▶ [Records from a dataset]
▬▬▬▬▬▬▬▬▬▬
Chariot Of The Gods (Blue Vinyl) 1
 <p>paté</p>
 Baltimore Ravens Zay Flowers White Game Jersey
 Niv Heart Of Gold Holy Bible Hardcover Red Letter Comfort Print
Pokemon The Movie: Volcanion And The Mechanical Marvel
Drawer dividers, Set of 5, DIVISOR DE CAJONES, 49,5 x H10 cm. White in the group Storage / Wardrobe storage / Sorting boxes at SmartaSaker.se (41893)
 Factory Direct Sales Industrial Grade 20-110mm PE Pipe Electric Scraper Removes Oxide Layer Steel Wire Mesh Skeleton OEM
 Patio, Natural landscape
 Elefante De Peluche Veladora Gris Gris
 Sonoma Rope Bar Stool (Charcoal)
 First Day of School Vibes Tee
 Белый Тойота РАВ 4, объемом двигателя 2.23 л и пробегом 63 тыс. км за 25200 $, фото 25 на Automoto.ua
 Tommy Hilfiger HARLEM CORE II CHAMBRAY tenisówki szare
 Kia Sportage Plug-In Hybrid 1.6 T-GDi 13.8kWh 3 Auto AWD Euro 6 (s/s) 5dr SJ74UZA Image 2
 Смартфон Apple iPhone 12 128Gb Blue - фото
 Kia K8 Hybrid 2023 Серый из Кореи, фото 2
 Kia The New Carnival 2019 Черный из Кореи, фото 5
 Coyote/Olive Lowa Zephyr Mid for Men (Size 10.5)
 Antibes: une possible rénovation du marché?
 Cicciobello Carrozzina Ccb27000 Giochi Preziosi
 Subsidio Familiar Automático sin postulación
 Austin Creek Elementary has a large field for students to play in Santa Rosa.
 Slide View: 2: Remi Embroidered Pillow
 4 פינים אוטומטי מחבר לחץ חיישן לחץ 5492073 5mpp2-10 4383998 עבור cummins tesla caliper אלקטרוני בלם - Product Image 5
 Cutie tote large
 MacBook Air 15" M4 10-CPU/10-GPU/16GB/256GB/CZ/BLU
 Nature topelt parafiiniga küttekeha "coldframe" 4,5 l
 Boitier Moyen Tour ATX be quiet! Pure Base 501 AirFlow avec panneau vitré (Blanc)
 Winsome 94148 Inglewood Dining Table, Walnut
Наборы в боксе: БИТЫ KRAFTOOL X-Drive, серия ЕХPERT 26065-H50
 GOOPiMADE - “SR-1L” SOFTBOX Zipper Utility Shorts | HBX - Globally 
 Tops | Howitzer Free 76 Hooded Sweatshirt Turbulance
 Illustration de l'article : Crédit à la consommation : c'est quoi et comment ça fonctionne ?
▬▬▬▬▬▬▬▬▬▬
▶ [WHAT IS NEEDED] Type the data out again, exactly.

▶ [COMPLETED EXERCISE]
Chariot Of The Gods (Blue Vinyl) 1
 <p>paté</p>
 Baltimore Ravens Zay Flowers White Game Jersey
 Niv Heart Of Gold Holy Bible Hardcover Red Letter Comfort Print
Pokemon The Movie: Volcanion And The Mechanical Marvel
Drawer dividers, Set of 5, DIVISOR DE CAJONES, 49,5 x H10 cm. White in the group Storage / Wardrobe storage / Sorting boxes at SmartaSaker.se (41893)
 Factory Direct Sales Industrial Grade 20-110mm PE Pipe Electric Scraper Removes Oxide Layer Steel Wire Mesh Skeleton OEM
 Patio, Natural landscape
 Elefante De Peluche Veladora Gris Gris
 Sonoma Rope Bar Stool (Charcoal)
 First Day of School Vibes Tee
 Белый Тойота РАВ 4, объемом двигателя 2.23 л и пробегом 63 тыс. км за 25200 $, фото 25 на Automoto.ua
 Tommy Hilfiger HARLEM CORE II CHAMBRAY tenisówki szare
 Kia Sportage Plug-In Hybrid 1.6 T-GDi 13.8kWh 3 Auto AWD Euro 6 (s/s) 5dr SJ74UZA Image 2
 Смартфон Apple iPhone 12 128Gb Blue - фото
 Kia K8 Hybrid 2023 Серый из Кореи, фото 2
 Kia The New Carnival 2019 Черный из Кореи, фото 5
 Coyote/Olive Lowa Zephyr Mid for Men (Size 10.5)
 Antibes: une possible rénovation du marché?
 Cicciobello Carrozzina Ccb27000 Giochi Preziosi
 Subsidio Familiar Automático sin postulación
 Austin Creek Elementary has a large field for students to play in Santa Rosa.
 Slide View: 2: Remi Embroidered Pillow
 4 פינים אוטומטי מחבר לחץ חיישן לחץ 5492073 5mpp2-10 4383998 עבור cummins tesla caliper אלקטרוני בלם - Product Image 5
 Cutie tote large
 MacBook Air 15" M4 10-CPU/10-GPU/16GB/256GB/CZ/BLU
 Nature topelt parafiiniga küttekeha "coldframe" 4,5 l
 Boitier Moyen Tour ATX be quiet! Pure Base 501 AirFlow avec panneau vitré (Blanc)
 Winsome 94148 Inglewood Dining Table, Walnut
Наборы в боксе: БИТЫ KRAFTOOL X-Drive, серия ЕХPERT 26065-H50
 GOOPiMADE - “SR-1L” SOFTBOX Zipper Utility Shorts | HBX - Globally 
 Tops | Howitzer Free 76 Hooded Sweatshirt Turbulance
 Illustration de l'article : Crédit à la consommation : c'est quoi et comment ça fonctionne ?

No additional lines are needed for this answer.